1. Ps 11,5.- 2. Jn 14,6.- 3. 2Co 13,4.- 4. Rm 10,9. - 5. Rm 10,10.- 6. Ps 11,9.


8. Déjà nous avons entendu cette réponse: « C'est en rassemblant les peuples et les royaumes dans l'unité, afin qu'ils servent le Seigneur 2». Telle est donc sa réponse, l'unité, et quiconque n'est pas dans l'unité, ne lui répond point. Car le Christ est un, l'Eglise est unité. L'unité seule répond à Celui qui est un. Mais il en est qui disent: Voilà ce qui est fait: l'Eglise des quatre coins du monde a répondu au Christ, en lui donnant plus de fils que celle qui avait un époux; «elle lui a répondu dans la voie de sa force»; elle a cru que le Christ est ressuscité; toutes les nations ont cru en lui. Mais cette Eglise, qui fut l'Eglise de toutes les nations, ne l'est déjà plus; elle a péri. Telle est le langage de ceux qui n'en sont pas.
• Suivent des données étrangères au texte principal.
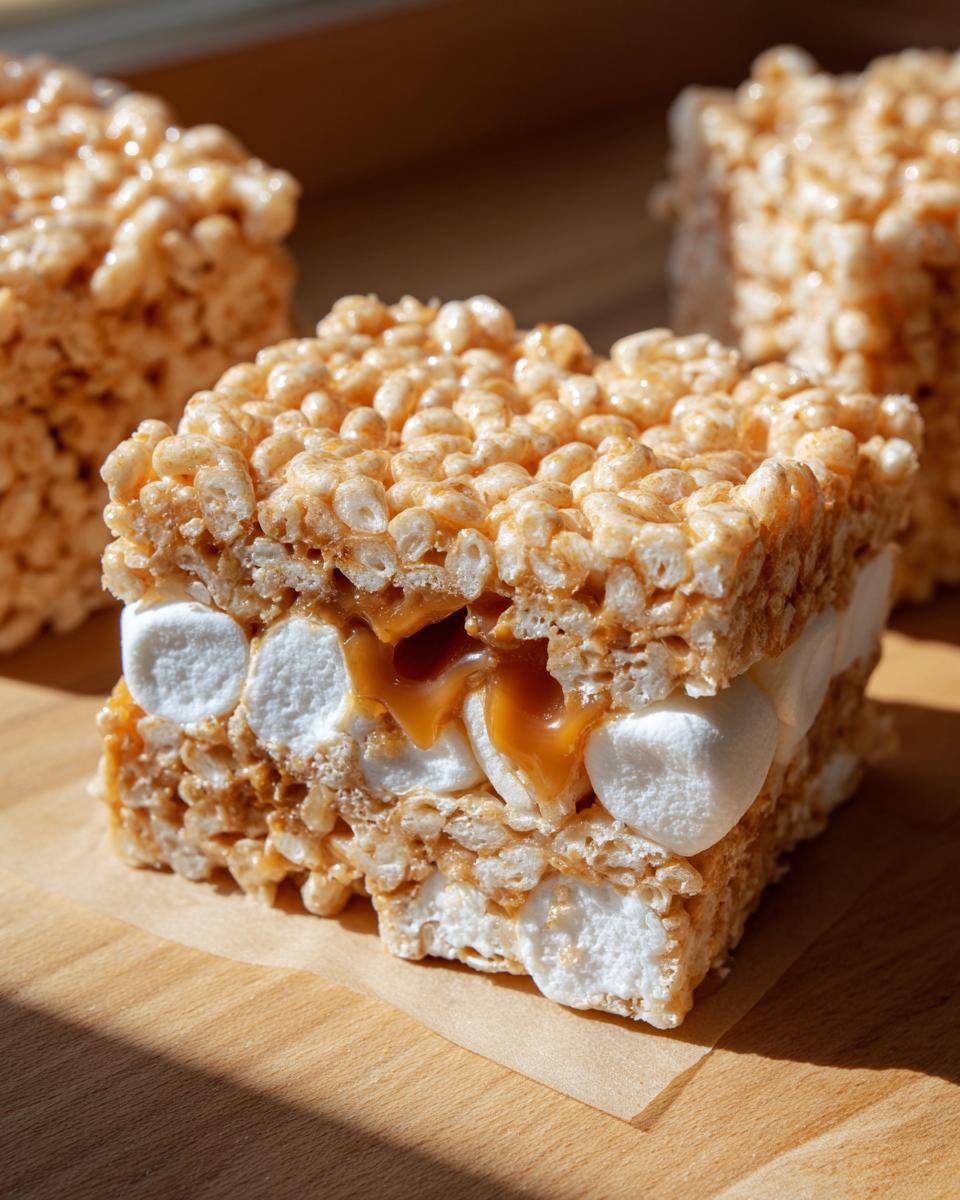 Ultimate Brown Butter Dulce de Leche Treats Dream 5 Caramel Brown Butter Dulce de Leche Rice Krispie Treats - detail 1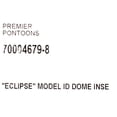 thumbnail image 4 of Palm Beach Pontoon Boat Raised Decal 70006479-8 | Eclipse Black Silver, 4 of 4
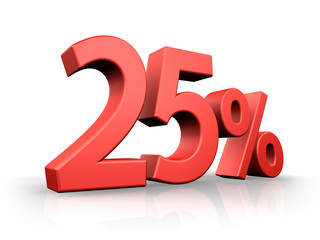 Red Twenty Five Percent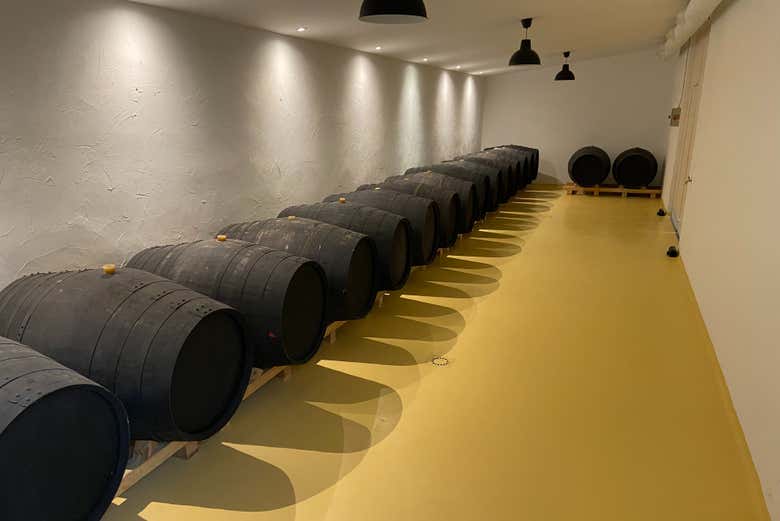 Fûts de vin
O insolence! Elle n'est pas l'Eglise, parce que tu n'en es pas? Prends garde de n'être plus par cela même; car elle subsistera, bien que tu n'en sois point. Celte voix abominable, détestable, pleine de présomption et de fausseté, qui n'a pour base aucune vérité, qui n'est éclairée par aucune sagesse, ni pondérée par aucune prudence, qui est vaine, qui est téméraire, qui est précipitée, qui est pernicieuse, a été prévue par l'Esprit de Dieu, et il semble la combattre en prédisant l'unité contre ses adeptes: «En rassemblant dans l'unité les peuples et les rois, afin qu'ils servent le Seigneur». Et quand l'Apôtre ajoute, qu'elle lui a répondue, c'est sa louange, c'est la Jérusalem notre mère, qui sera enfin rappelée de son exil, elle qui est féconde, et qui a plus d'enfants que celle qui avait un époux; elle dont les adversaires devaient dire: Elle a été, mais elle n'est plus. «Faites-moi connaître l'exiguïté de mes jours 3». Quels sont ces murmures que j'ignore, et que profèrent contre moi ceux qui s'en éloignent? Comment des hommes perdus soutiennent-ils que je suis perdue? Ils publient hardiment que je ne suis plus, et que j'ai été: «Faites-moi connaître le nombre restreint de mes jours». Je ne vous demande point des jours éternels: ceux-là sont sans fin, et je les obtiendrai; je ne vous les demande point; je m'enquiers des jours du temps,

1. Ga 4,27. - 2. Ps 101,23. - 3. Ps 101,24.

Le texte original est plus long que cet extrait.